Abstract 210P
Background
Sarcopenia is a degenerative loss of skeletal muscle mass that can be found in the development of cancer cachexia. Based on recent studies, the prevalence of sarcopenia is relatively high in mRCC (metastatic renal cell carcinoma) patients, with the rate of 29-68%. Sarcopenia has been associated with increased adverse outcomes and could be an important predictor of outcomes in some types of cancer. However, the prognostic value of sarcopenia in renal cancer patients is still unclear.
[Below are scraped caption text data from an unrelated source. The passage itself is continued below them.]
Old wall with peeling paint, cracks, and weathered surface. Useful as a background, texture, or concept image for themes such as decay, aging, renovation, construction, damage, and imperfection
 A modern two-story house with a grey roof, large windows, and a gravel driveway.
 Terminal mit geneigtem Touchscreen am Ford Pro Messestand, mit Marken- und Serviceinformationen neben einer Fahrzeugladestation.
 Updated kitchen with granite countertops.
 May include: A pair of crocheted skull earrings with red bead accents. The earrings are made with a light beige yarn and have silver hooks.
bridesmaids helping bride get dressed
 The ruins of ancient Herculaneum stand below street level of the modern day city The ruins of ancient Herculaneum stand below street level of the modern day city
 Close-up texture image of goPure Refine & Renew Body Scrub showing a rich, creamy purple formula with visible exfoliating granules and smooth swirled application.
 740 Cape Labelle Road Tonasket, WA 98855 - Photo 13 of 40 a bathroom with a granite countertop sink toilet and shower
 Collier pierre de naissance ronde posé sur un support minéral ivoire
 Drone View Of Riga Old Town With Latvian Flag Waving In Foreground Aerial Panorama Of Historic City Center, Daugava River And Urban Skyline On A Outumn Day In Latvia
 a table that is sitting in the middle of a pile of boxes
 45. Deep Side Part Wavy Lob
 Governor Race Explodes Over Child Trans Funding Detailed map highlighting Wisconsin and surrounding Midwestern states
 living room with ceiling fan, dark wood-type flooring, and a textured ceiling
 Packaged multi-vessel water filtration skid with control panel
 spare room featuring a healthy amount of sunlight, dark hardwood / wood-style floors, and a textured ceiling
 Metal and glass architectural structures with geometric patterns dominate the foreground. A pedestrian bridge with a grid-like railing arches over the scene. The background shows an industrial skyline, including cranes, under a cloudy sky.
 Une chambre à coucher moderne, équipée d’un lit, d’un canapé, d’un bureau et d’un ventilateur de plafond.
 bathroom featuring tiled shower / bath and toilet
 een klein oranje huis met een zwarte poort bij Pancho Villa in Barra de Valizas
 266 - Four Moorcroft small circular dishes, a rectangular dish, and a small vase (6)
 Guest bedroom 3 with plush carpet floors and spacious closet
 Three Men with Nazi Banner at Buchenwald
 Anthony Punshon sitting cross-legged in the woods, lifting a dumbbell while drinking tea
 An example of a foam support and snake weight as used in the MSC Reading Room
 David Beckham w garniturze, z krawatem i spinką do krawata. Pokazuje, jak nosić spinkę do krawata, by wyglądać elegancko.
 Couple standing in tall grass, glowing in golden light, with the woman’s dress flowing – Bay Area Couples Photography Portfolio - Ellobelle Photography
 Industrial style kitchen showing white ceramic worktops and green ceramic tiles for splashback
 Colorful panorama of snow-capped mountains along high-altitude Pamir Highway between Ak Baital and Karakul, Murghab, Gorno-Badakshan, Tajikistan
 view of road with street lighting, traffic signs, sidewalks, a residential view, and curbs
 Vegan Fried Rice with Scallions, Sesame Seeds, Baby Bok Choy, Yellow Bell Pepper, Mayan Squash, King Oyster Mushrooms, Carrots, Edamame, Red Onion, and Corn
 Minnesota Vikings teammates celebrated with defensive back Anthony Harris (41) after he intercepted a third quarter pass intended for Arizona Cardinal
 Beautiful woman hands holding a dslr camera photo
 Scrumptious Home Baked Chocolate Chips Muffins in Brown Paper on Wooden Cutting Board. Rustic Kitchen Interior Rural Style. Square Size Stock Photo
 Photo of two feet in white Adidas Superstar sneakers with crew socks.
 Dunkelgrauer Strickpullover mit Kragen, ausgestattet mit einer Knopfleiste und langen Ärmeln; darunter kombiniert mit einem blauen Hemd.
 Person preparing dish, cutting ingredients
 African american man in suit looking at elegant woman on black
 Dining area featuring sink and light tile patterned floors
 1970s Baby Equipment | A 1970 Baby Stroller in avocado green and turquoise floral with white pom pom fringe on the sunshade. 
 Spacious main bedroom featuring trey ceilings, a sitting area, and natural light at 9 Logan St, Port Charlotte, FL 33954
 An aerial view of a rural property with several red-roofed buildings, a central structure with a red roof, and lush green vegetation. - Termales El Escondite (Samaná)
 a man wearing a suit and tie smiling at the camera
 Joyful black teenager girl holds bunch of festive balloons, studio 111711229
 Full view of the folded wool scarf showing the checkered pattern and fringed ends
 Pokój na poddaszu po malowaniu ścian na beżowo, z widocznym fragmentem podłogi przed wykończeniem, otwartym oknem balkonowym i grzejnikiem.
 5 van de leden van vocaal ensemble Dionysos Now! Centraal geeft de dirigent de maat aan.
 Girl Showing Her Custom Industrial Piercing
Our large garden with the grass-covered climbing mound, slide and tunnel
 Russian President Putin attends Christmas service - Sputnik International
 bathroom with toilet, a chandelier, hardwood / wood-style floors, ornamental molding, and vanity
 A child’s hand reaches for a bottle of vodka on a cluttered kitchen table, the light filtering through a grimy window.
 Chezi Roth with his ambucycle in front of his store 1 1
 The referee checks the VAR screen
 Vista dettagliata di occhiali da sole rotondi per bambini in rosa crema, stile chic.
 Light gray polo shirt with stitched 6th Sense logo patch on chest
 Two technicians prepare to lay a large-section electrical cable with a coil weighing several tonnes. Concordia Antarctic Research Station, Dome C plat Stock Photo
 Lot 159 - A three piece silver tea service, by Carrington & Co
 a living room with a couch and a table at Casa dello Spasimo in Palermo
Thus, in this systematic review, we aim to evaluate the prognostic value of sarcopenia in mRCC patients.
Methods
Data is collected from PMC, PubMed, Scopus, and Science Direct, using combinations of keywords related to Sarcopenia and mRCC. We included studies that investigate sarcopenia in relation to survival and primary chemotoxicity in mRCC patients. Quality of each included study is assessed using the Newcastle-Ottawa Scale (NOS).
Results
A total of 10 studies consisting of 849 mRCC patients were included. According to the NOS, there were 5 studies with good quality, 4 studies with moderate quality, and 1 study with poor quality. The association of sarcopenia and OS (Overall Survival) was found in 4 studies. However, other 5 studies showed that sarcopenia was not associated with OS. Similar results for PFS (Progression Free Survival) were found. Two studies found that sarcopenia was associated with PFS, while other 2 studies found that there was no association between sarcopenia and PFS. There were 3 studies that found a higher DLT (Dose-Limiting Toxicity) rate in sarcopenic patients vs. non sarcopenic patients treated with sunitinib and sorafenib. However, other 2 studies found that there were no significant differences in chemotherapy toxicity between sarcopenic and non-sarcopenic patients treated with tyrosine kinase inhibitor and everolimus.
Conclusions
In this systematic review, we observed that sarcopenia was associated with increased DLT and poor survival in some studies, but the results were inconsistent and conflicting. There were 5 studies with good quality, 4 studies with moderate quality, and 1 study with poor quality. Further investigation is needed with better methods and outcome that focuses on chemotherapy toxicity and quality of life.
Clinical trial identification
Editorial acknowledgement
Legal entity responsible for the study
The authors.
Funding
Has not received any funding.
Disclosure
All authors have declared no conflicts of interest.